Using Drupal to enable Open Data

Graeme Blackwood
Developer

For the last few years, there has been a growing move toward making data available for use, reuse and redistribution by anyone who has an interest in doing so. Open Data is increasingly being embraced, or even mandated by governments across the globe, and is already being used in some really interesting ways.

During my time at DrupalCon Prague last week, I had the opportunity to learn more about where Drupal fits in all this by attending an informal gathering (a BoF session) called "DKAN: The Drupal distribution for open data".

CKAN and DKAN

CKAN is a non-Drupal system that has been developed to help people working with open data on the web. It's pretty powerful, but quite specific to the task in hand. However, it generally needs to be integrated with additional systems if there is a need to have it running alongside other web content (though my understanding is that they are working on some CMS capabilities).

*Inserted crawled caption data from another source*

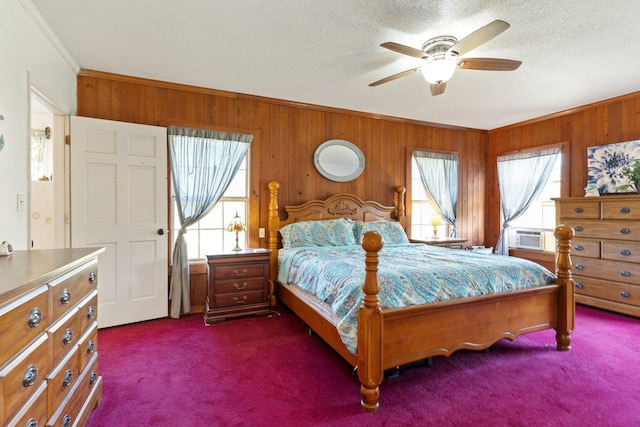 bedroom featuring a textured ceiling, dark colored carpet, and multiple windows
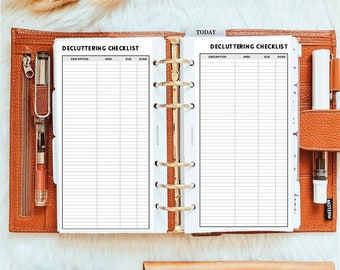 May include: A tan leather six-ring binder open to two pages titled Decluttering Checklist with columns for description, area, due, and done. The binder features a gold metal ring mechanism, a pen holder with a clear pen, and a white pen.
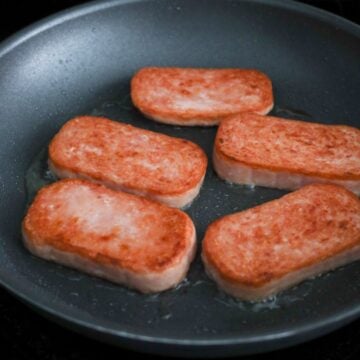 Heat vegetable oil in a large skillet on medium heat. Fry slices of spam in a single layer for 1 ½ to 2 minutes per side, until pinkish golden brown. Do not go above medium-high heat.
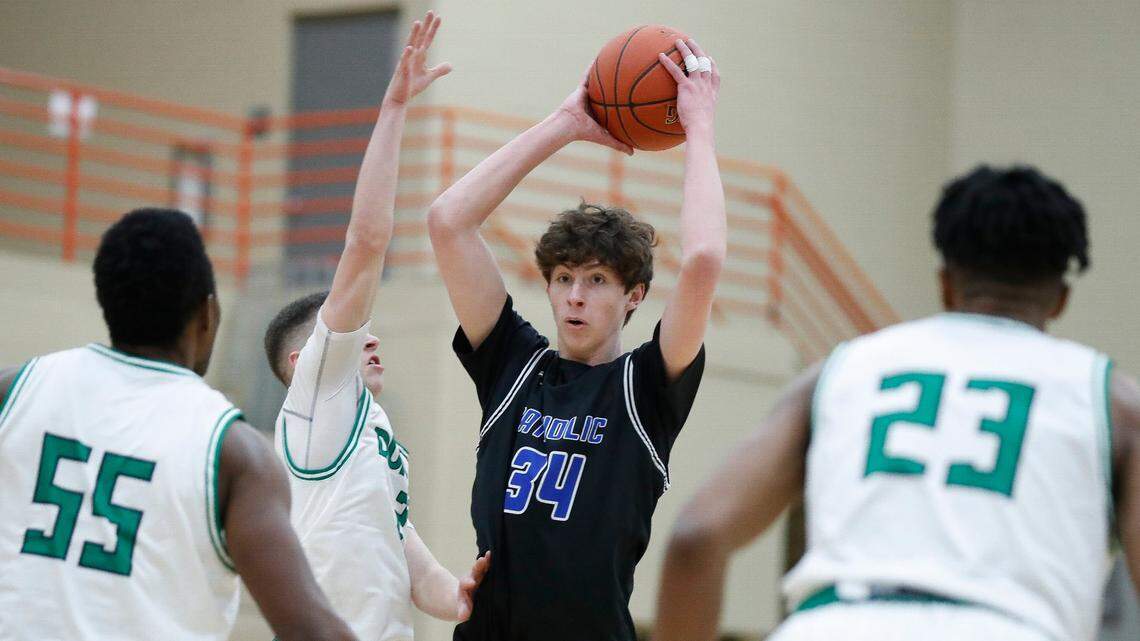 Lexington Catholic’s Reece Potter looks to pass the ball in a game against Paul Laurence Dunbar during the 2020-21 season.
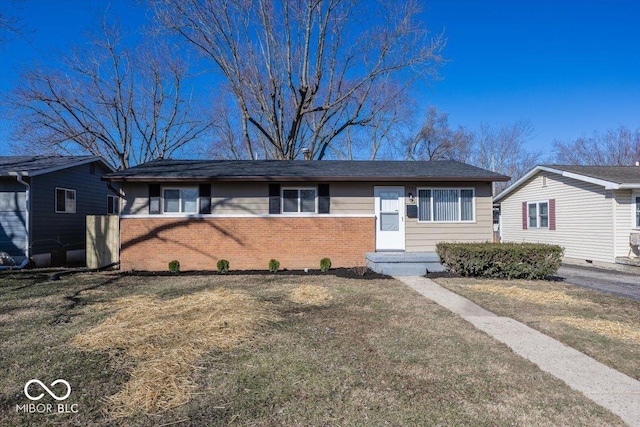 ranch-style house featuring brick siding and a front lawn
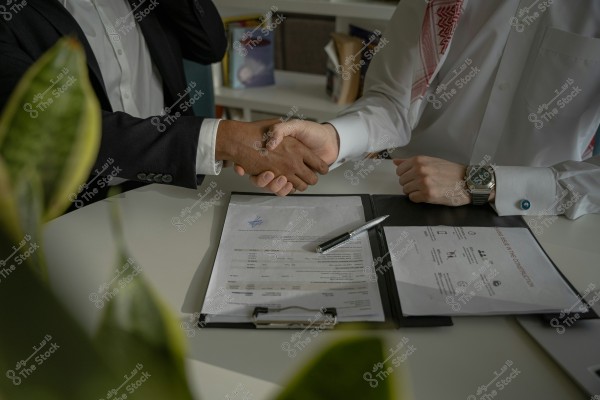 The image shows two individuals shaking hands over a desk. The person on the right is wearing a white thobe and a red-checkered shemagh, with a watch on the wrist, suggesting they might be from the Gulf region. The other person is wearing a black suit and a white shirt. There are several papers on the desk in front of them, along with a pen. In the background, a bookshelf and a green plant are visible.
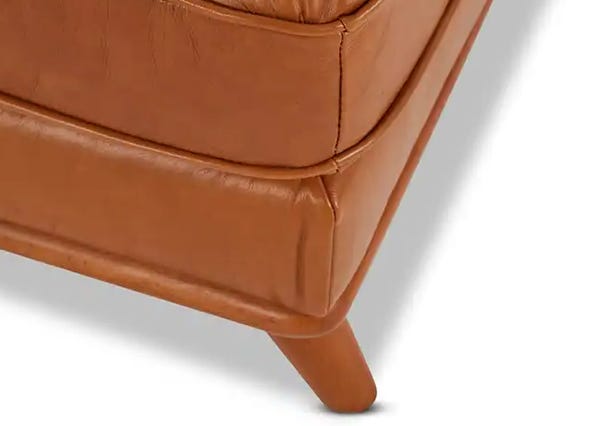 Baxter Leather Ottoman Leg Up Close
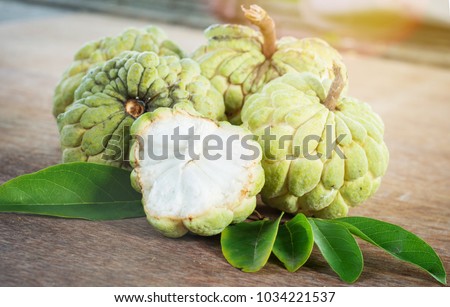 Custard apple tropical fruit showing the green skin and white flesh look delicious on with green leaf a wooden background, (Sugar Apple, Annona, sweetsop). Thai fruit.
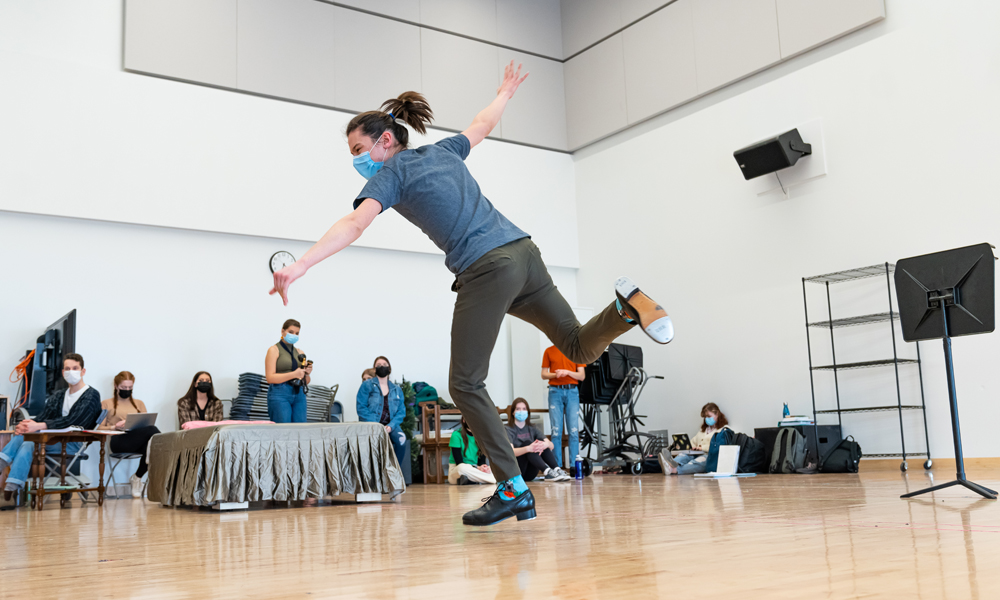 Theatre students jumps into the air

Because of this, CKAN is used alongside Drupal for many government websites to deliver open data across the world. Yet because CKAN is a completely different system, it doesn't take advantage of Drupal's huge developer base and all the extensibility that being on Drupal would offer. Enter DKAN, a Drupal distribution designed to leverage all the benefits of Drupal and the power of CKAN in one.

DKAN means Drupal users don't need to learn another system or programming language if they want to start working with open data standards. The DKAN modules can also be taken separately and plugged into an existing website, making it very quick and easy to start working with open data right now.

What are the main differences between CKAN and DKAN?

DKAN is is still in development but is modelling itself on CKAN. Most of the core open data features of CKAN have been replicated and can be used right now by experienced Drupal teams, although there is work to do before they reach full parity. Also CKAN was specifically designed to handle huge, multi Gigabyte open datasets without much problem. Drupal is designed to do pretty well whatever you want, so there is an efficiency trade-off. But dealing with performance in Drupal is a well-trodden path and the same knowledge used to make huge Drupal sites highly performant can be applied to DKAN.

So which should you use?

Use CKAN if:

  • You just want to manage data and open it up to the world
  • Work with or are happy to learn Python, etc
  • You are not interested in extending the system
  • You are happy to integrate with another system (if required) and maintain two codebases
  • You are handling massive datasets, though Drupal will probably be fine with good configuration

Use DKAN if:

  • You want to start using open data on an existing Drupal site
  • Your current team works with Drupal or PHP/MySQL generally
  • You want to integrate open data seamlessly with the wider experience on the website
  • You want to get up and running quickly with open data, but also have plenty of options for extensibility in the future

Over time, open data will power many more apps and services, empower research and development, improve decision making and generally increase knowledge and understanding across the world. Exciting times!